On Fri, May 2, 2014 at 6:17 PM, Scott Harper <[email protected]> wrote:
> Okay, so here's what I ended up going with:
>
> Rather than nested inline form sets, I made a formset for all of the
> encounters related to the map. Then, in my template when I iterate across
> all the nodes, I'm comparing all the encounters' nodes with the current
> node, and from there adding each encounter to the HTML. It's working pretty
> well so far.
>
> Now to get the monsters' forms working... but I think I have a decent enough
> idea of how to do that now.
>
> -- Scott
>
>
> On Friday, May 2, 2014 11:50:10 AM UTC-6, Scott Harper wrote:
>>
>> I am using django as a tool for editing data for a game I'm working on;
>> but I have some pretty deeply-nested relationships, and I'm hitting some
>> problems getting forms to work properly.
>>
>> The setup:
>> I have a data structure for nodes in a map. Each map has many nodes; each
>> node has many encounters; each encounter has many individual monster fights.
>>
>> So the ownership I have set up is this:
>> Map
>> |-Node
>> ||-Encounter
>> |||-Fight
>> |||-Fight
>> ||-Encounter
>> |||-fight
>> |-Node
>> ||-Encounter
>> |||-Fight
>> |||-Fight
>>
>> ...and so forth. I have tried setting up nested inline formsets (there are
>> a couple examples online if you search them) and they worked fine to edit
>> each encounter on each node on the map, but as soon as I tried turning the
>> Encounter form into a nested inline formset (so a doubly-nested formset) I
>> can SEE the data when I render the HTML, but when I try to submit the form
>> data, I get a strange error in query.py when validating: line 115 (in
>> version 1.6.0); self._result_cache isn't None, but it IS empty, so
>> self._result_cache[k] is an invalid index.
>>
>> The question:
>> I don't even know that I'm going about this the best way.
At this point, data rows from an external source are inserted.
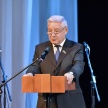 Фарид Мухаметшин принял участие в вечере памяти Ильгама Шакирова в Уфе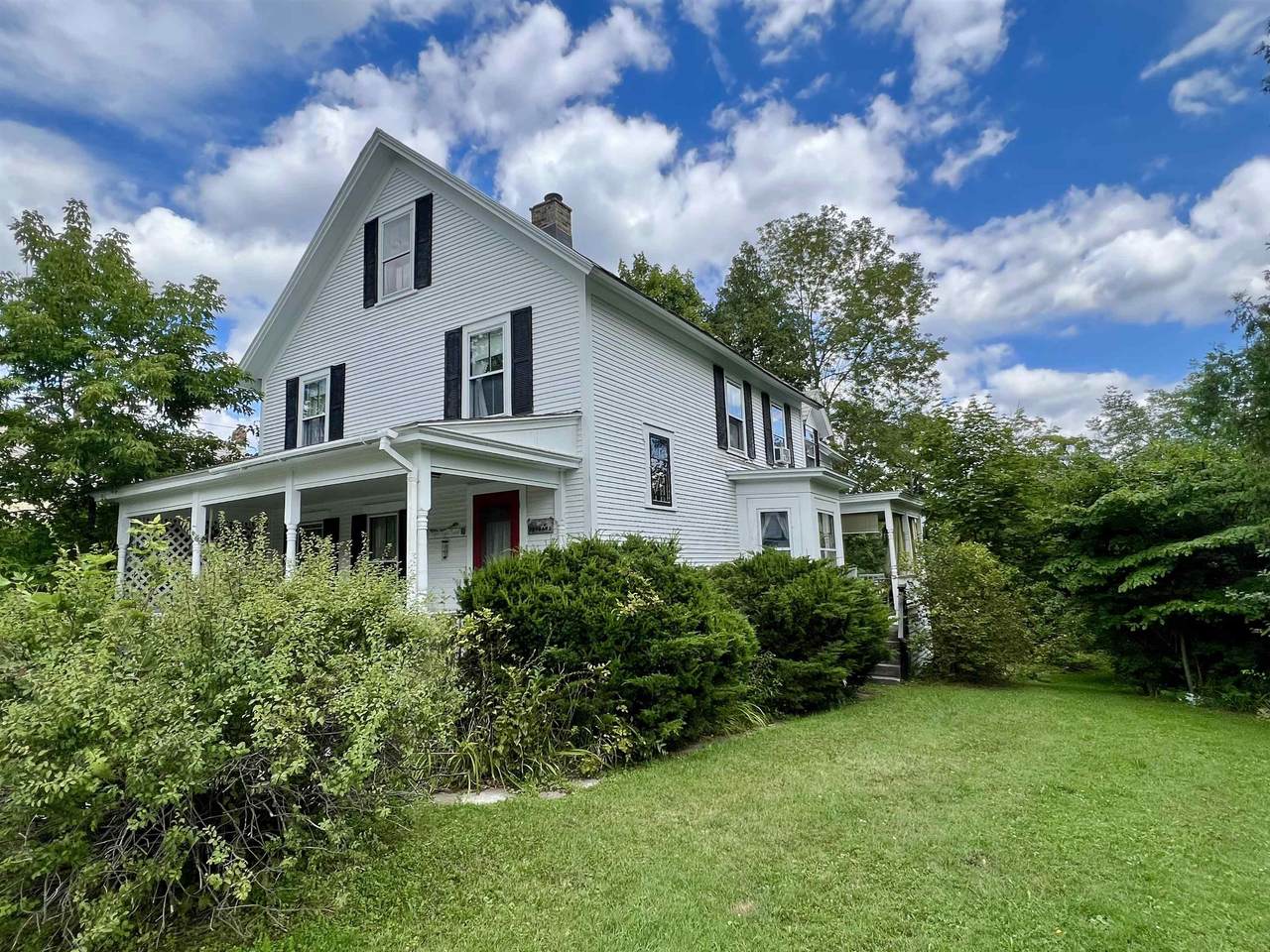 78 Franklin Road - Photo 1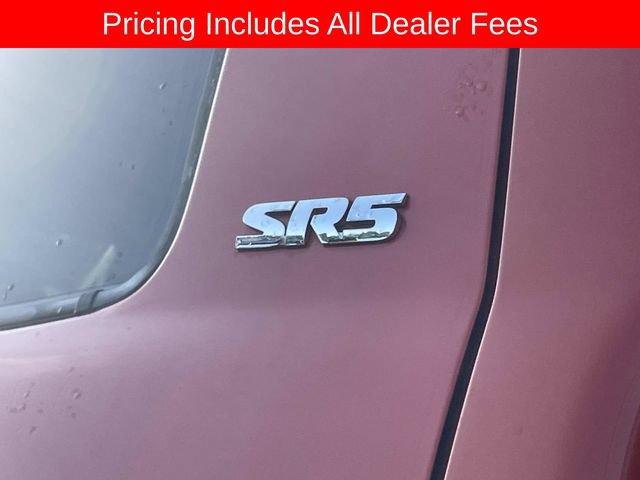 Used 2016 Toyota Tundra SR5 w/ TRD Off Road Package AWD/4WD image 6
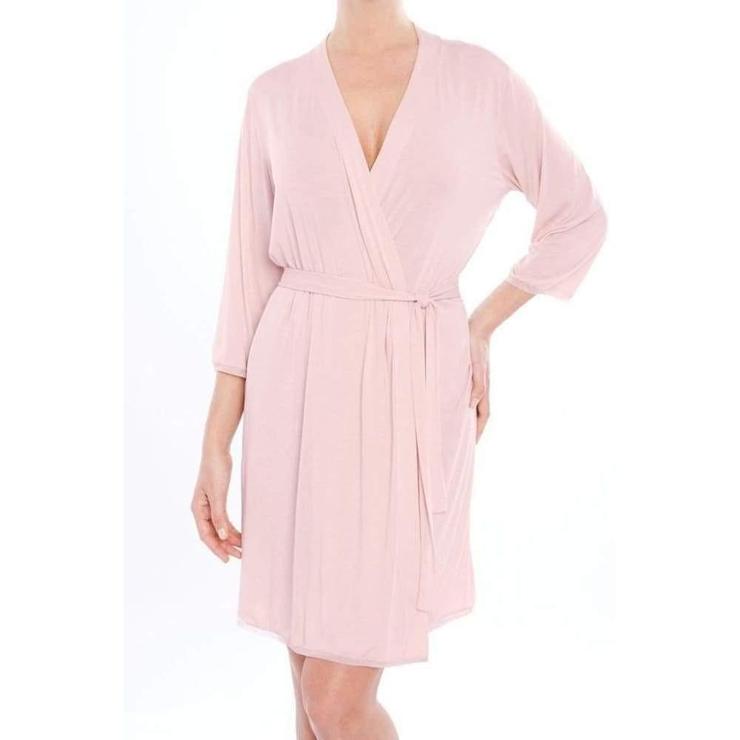 Douceur Soft Modal Robe AD30-11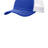 Port Authority ® Snapback Trucker Cap. C402 - Port Authority C402 True Royal/ White OSFA Hats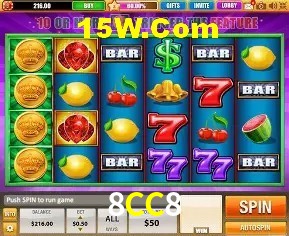 Casino Ao Vivo 8CC8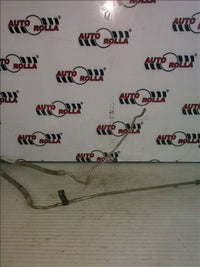 conducta ac lunga Renault Clio 2, 1.5DCI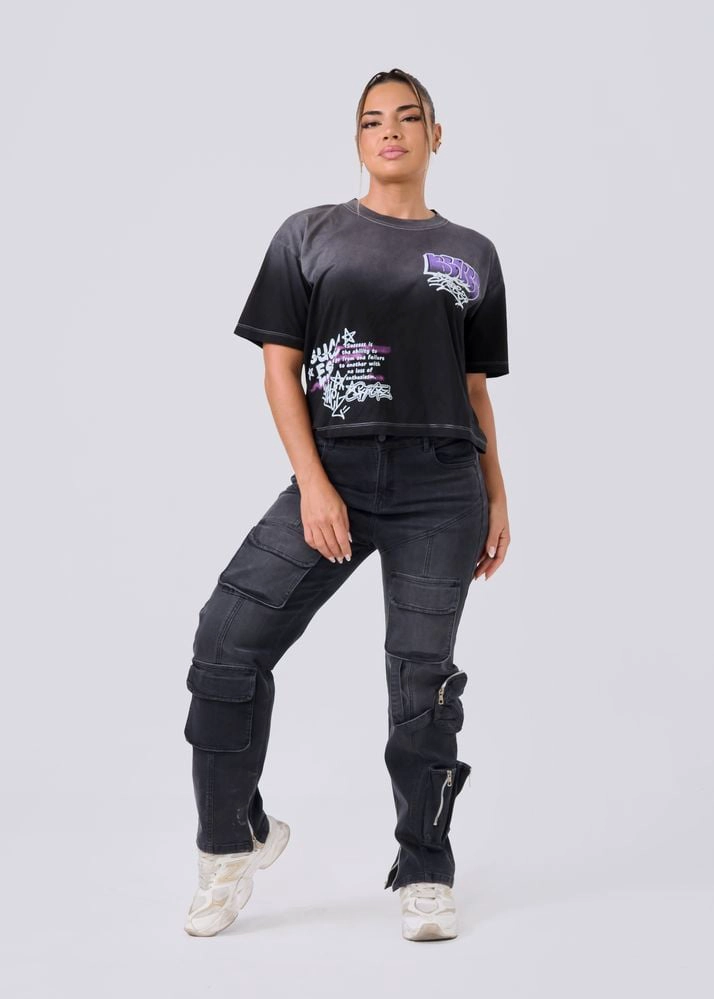 JEAN REGULAR MUJER ALEJANDRA BAIGORRIA ROSAURA - 1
So if I'm
>> thinking about presenting my data all wrong, I welcome correction. If the
>> means seems appropriate but I must be missing some check or other to ensure
>> that I'm sending useable data.
>>
>> I want to believe that there's a better way to handle this than hacking
>> together two nested formsets, but I'm new enough at django and web
>> frameworks that I'm not sure what my alternatives are.
>>
>> I welcome any assistance that you folks can offer. Thank you.
>>
>> -- Scott
>>
>> (PS: I erroneously sent a partial message, for which I apologize.)